Work order
When the line containing "6/12pcs Stainless Steel" appears in the data below, begin copying there and stop only after the line containing "welltime Waschmaschinenumbauschrank SIENA, Breite".

Records supplied
● ● ●

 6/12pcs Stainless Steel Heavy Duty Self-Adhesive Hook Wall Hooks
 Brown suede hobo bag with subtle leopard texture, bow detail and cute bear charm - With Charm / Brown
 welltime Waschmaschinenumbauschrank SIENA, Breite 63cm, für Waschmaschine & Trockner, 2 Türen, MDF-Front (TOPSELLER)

● ● ●

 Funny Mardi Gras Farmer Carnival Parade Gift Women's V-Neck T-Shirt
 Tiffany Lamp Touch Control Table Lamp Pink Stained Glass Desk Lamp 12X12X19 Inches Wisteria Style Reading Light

● ● ●

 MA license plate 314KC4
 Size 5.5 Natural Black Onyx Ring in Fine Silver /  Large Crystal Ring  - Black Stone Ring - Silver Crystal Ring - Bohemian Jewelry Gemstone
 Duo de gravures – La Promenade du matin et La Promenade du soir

● ● ●

The answer
 6/12pcs Stainless Steel Heavy Duty Self-Adhesive Hook Wall Hooks
 Brown suede hobo bag with subtle leopard texture, bow detail and cute bear charm - With Charm / Brown
 welltime Waschmaschinenumbauschrank SIENA, Breite 63cm, für Waschmaschine & Trockner, 2 Türen, MDF-Front (TOPSELLER)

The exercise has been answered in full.